1. Validity of Reopening of Assessment Proceedings under Section 147 and Notice under Section 148:
The Revenue's appeal contested the CIT(A)'s decision regarding the reopening of assessment proceedings. The notice under Section 148 was issued because the Assessee did not add provisions for FBT and disallowance under Section 14A to the book profits for MAT calculation. The Revenue argued that this resulted in income escapement, justifying the reopening.

The CIT(A) found that during the original assessment, the computation of book profit was scrutinized and determined by the A.O. The reopening was considered a change of opinion, which is not permissible. The CIT(A) referenced the Gujarat High Court's decision in Cliantha Research Ltd. vs. D.C.I.T, which states that reassessment cannot be initiated merely because a certain aspect was not in the A.O.'s mind during the original assessment. The Tribunal upheld CIT(A)'s decision, noting no new tangible material was presented to justify the reopening, and thus dismissed the Revenue's ground.

2. Addition of Liability of FBT while Computing Book Profit under Section 115JB:
The A.O. added Rs. 2,20,145 to the book profit, considering it an unascertained liability since the actual FBT paid was less than the provision made. The CIT(A) deleted this addition, citing CBDT Circular No. 8 of 2005, which clarifies that FBT should not be added back while computing book profits under Section 115JB. Moreover, the CIT(A) referenced the Supreme Court's decision in Bharat Earth Movers vs. CIT, which held that crystallized liabilities should not be treated as contingent.

The Tribunal agreed with the CIT(A), noting that FBT is not included in "Income Tax" for the purpose of Clause (a) of Explanation 1 to Section 115JB and that the liability was crystallized and quantified. The Tribunal found no reason to interfere with the CIT(A)'s order, thus dismissing the Revenue's ground.

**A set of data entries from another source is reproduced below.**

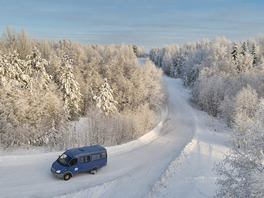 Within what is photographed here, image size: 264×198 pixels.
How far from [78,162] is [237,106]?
1179 inches

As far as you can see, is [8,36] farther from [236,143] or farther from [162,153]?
[236,143]

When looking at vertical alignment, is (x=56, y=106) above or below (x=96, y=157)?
above

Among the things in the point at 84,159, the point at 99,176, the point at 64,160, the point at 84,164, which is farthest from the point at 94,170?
the point at 64,160

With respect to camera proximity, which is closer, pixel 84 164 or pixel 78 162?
pixel 78 162

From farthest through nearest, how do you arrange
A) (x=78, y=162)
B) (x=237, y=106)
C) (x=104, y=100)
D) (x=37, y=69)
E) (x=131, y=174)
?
(x=237, y=106)
(x=104, y=100)
(x=37, y=69)
(x=131, y=174)
(x=78, y=162)

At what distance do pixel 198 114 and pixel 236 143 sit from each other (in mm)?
18482

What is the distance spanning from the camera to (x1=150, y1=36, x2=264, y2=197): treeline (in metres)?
9.66

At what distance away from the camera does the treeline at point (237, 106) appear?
31.7ft

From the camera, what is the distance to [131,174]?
18.0 m

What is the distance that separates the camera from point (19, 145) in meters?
24.6

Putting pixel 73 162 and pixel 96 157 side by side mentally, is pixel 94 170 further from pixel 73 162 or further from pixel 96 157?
pixel 73 162

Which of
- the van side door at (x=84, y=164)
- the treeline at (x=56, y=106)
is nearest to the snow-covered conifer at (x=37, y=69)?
the treeline at (x=56, y=106)

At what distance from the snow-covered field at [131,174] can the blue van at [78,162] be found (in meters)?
0.58

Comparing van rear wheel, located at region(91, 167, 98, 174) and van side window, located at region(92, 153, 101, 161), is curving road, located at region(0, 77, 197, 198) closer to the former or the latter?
van rear wheel, located at region(91, 167, 98, 174) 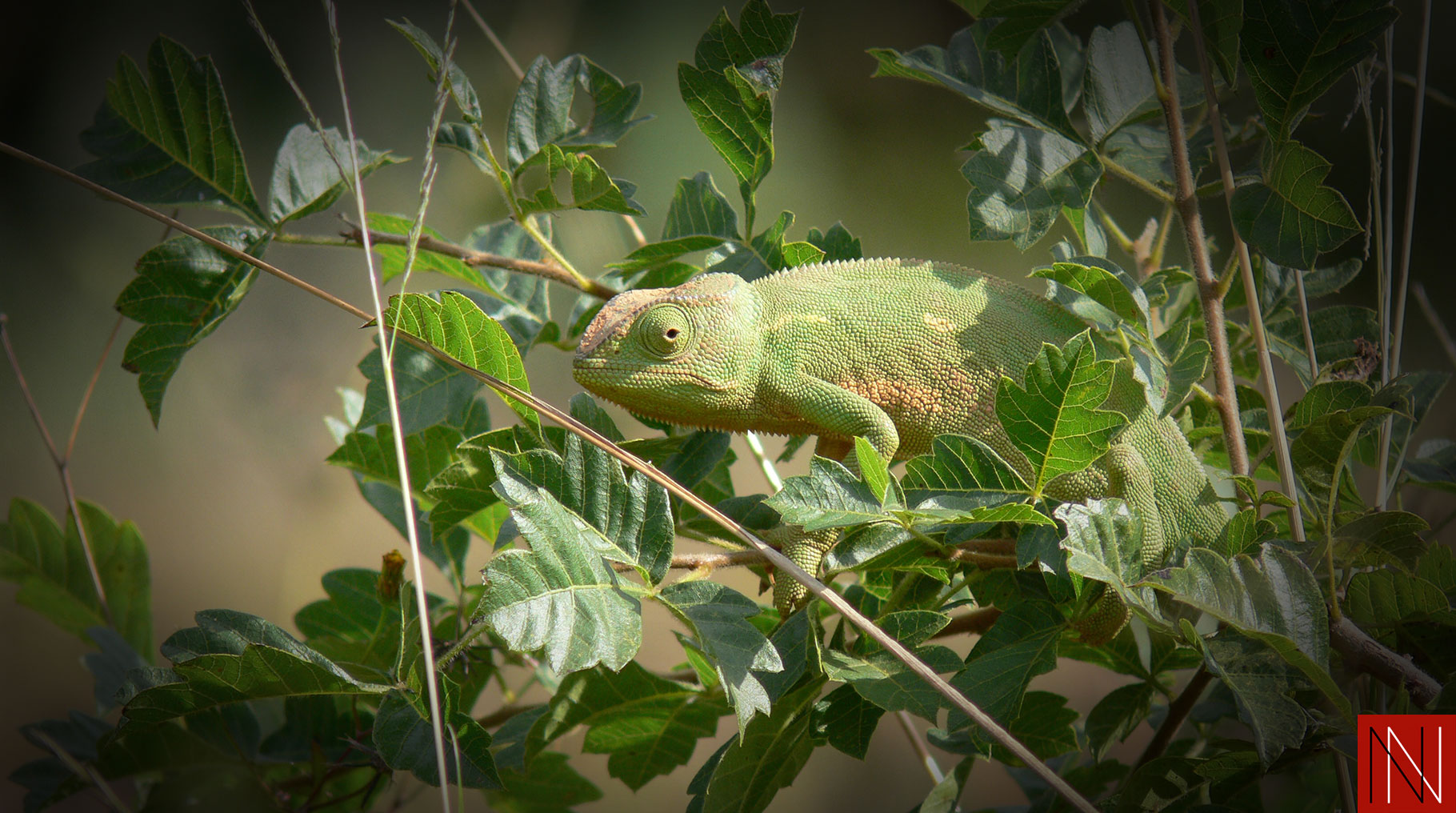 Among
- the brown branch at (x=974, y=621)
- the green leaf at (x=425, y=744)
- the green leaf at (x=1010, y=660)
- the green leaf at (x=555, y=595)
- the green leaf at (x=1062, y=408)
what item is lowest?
the green leaf at (x=425, y=744)

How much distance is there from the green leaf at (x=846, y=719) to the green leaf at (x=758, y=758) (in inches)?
0.4

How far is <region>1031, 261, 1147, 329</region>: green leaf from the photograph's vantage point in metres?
0.68

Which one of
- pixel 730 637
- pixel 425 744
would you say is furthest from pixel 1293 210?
pixel 425 744

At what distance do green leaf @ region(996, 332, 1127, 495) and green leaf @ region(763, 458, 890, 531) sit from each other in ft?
0.38

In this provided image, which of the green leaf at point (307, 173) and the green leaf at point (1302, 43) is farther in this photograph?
the green leaf at point (307, 173)

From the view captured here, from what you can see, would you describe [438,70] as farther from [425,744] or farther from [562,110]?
[425,744]

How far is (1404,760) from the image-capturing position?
59cm

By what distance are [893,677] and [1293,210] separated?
1.53 ft

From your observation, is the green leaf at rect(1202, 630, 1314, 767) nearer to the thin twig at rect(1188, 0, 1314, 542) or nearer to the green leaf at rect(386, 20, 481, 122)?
the thin twig at rect(1188, 0, 1314, 542)

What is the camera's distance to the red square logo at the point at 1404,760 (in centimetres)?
57

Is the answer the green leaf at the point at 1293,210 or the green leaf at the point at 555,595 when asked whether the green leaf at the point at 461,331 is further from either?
the green leaf at the point at 1293,210

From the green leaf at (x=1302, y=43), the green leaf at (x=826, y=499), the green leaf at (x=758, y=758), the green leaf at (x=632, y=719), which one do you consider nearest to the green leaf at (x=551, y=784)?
the green leaf at (x=632, y=719)

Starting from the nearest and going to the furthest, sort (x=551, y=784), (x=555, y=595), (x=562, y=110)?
(x=555, y=595) < (x=562, y=110) < (x=551, y=784)

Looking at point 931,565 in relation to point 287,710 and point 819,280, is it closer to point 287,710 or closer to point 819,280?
point 819,280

3. Addition of Disallowance under Section 14A to Book Profit while Computing MAT under Section 115JB:
The A.O. added the disallowance under Section 14A to the book profit, arguing it was required by Clause (f) of Explanation 1 to Section 115JB. The CIT(A) ruled in favor of the Assessee, stating that Section 14A disallowance is not one of the prescribed adjustments under Section 115JB. The CIT(A) relied on the Supreme Court's decision in Apollo Tyres vs. CIT and the Delhi Tribunal's decision in Goetze India Ltd. vs. CIT, which support that only specific adjustments can be made to book profits.

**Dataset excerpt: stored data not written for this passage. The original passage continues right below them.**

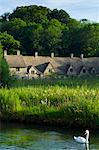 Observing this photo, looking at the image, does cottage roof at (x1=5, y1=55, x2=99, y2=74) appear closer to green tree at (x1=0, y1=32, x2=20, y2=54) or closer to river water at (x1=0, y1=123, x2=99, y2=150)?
green tree at (x1=0, y1=32, x2=20, y2=54)

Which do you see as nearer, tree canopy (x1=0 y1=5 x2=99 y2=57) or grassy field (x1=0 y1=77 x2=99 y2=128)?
grassy field (x1=0 y1=77 x2=99 y2=128)

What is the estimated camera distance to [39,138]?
18625mm

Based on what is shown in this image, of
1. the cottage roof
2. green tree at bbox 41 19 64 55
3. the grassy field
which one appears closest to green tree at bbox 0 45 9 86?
the grassy field

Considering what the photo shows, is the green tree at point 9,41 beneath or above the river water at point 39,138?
above

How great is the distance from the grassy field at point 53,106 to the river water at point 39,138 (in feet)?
2.32

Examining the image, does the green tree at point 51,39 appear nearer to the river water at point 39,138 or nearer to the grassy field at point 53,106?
the grassy field at point 53,106

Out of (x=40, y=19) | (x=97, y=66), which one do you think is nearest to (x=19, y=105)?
(x=97, y=66)

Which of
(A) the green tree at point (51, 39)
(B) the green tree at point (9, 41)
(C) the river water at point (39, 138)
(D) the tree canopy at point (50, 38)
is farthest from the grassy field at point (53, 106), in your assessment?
(A) the green tree at point (51, 39)

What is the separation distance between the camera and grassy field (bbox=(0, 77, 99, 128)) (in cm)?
2054

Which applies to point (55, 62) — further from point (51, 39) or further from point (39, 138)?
point (39, 138)

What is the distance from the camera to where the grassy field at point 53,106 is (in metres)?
20.5

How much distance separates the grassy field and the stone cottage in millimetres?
41235

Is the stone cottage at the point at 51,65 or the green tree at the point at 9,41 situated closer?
the stone cottage at the point at 51,65

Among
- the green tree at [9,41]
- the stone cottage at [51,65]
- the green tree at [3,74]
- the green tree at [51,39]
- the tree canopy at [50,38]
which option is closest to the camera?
the green tree at [3,74] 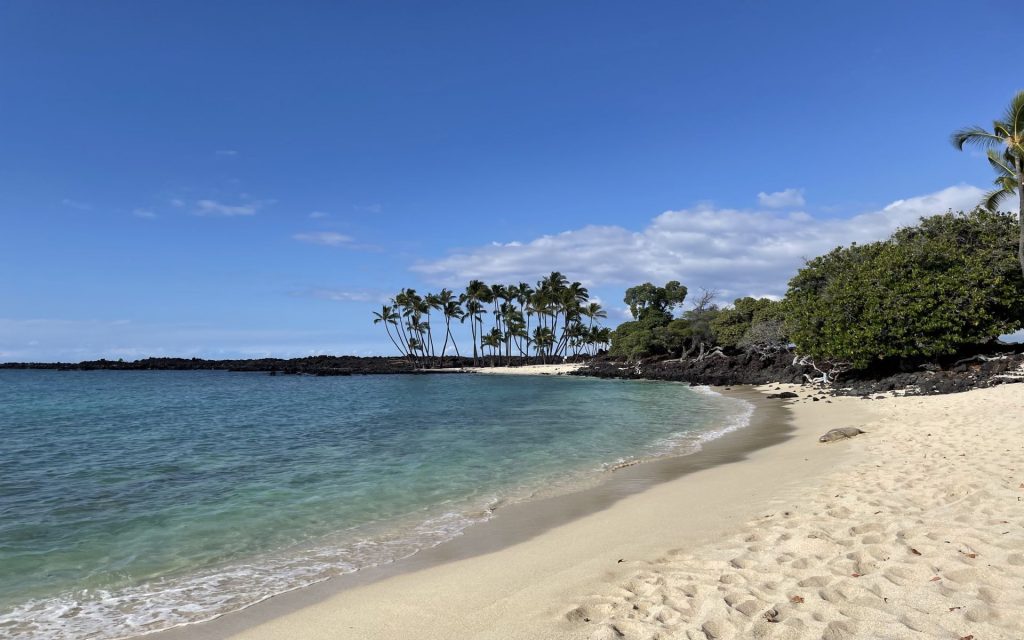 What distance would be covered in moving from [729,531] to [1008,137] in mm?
28852

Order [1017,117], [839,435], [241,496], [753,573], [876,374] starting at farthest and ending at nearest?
[876,374]
[1017,117]
[839,435]
[241,496]
[753,573]

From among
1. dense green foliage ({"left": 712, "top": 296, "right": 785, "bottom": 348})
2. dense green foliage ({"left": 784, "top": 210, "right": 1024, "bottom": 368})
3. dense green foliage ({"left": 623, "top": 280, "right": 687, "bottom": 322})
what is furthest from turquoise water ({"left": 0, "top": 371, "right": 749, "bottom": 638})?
dense green foliage ({"left": 623, "top": 280, "right": 687, "bottom": 322})

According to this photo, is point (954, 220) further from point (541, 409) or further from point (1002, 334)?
point (541, 409)

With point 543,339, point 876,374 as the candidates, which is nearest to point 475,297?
point 543,339

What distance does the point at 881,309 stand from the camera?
29.4 metres

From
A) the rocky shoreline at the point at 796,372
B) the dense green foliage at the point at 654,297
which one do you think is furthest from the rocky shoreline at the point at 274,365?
the dense green foliage at the point at 654,297

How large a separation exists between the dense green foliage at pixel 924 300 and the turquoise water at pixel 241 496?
37.4ft

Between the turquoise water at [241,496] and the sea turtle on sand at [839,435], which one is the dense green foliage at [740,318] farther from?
the sea turtle on sand at [839,435]

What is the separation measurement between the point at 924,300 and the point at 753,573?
30.3 m

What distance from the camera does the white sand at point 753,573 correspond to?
4234 millimetres

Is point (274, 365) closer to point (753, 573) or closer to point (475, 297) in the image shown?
point (475, 297)

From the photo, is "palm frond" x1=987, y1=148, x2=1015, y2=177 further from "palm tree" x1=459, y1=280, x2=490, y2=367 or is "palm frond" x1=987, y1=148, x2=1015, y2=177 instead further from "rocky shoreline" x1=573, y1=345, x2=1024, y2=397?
"palm tree" x1=459, y1=280, x2=490, y2=367

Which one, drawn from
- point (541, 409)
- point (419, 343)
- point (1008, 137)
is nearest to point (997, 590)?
point (541, 409)

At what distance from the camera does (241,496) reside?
422 inches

The Tribunal upheld the CIT(A)'s decision, noting the Revenue did not present any contrary binding decision or material to challenge the findings. Thus, the Tribunal dismissed the Revenue's ground.

Conclusion:
The Tribunal dismissed the Revenue's appeal on all grounds, upholding the CIT(A)'s decisions regarding the validity of reopening the assessment, exclusion of FBT liability from book profits, and the non-inclusion of Section 14A disallowance in MAT computation. The judgments were based on established legal principles and precedents, ensuring that only specified adjustments are made to book profits under Section 115JB.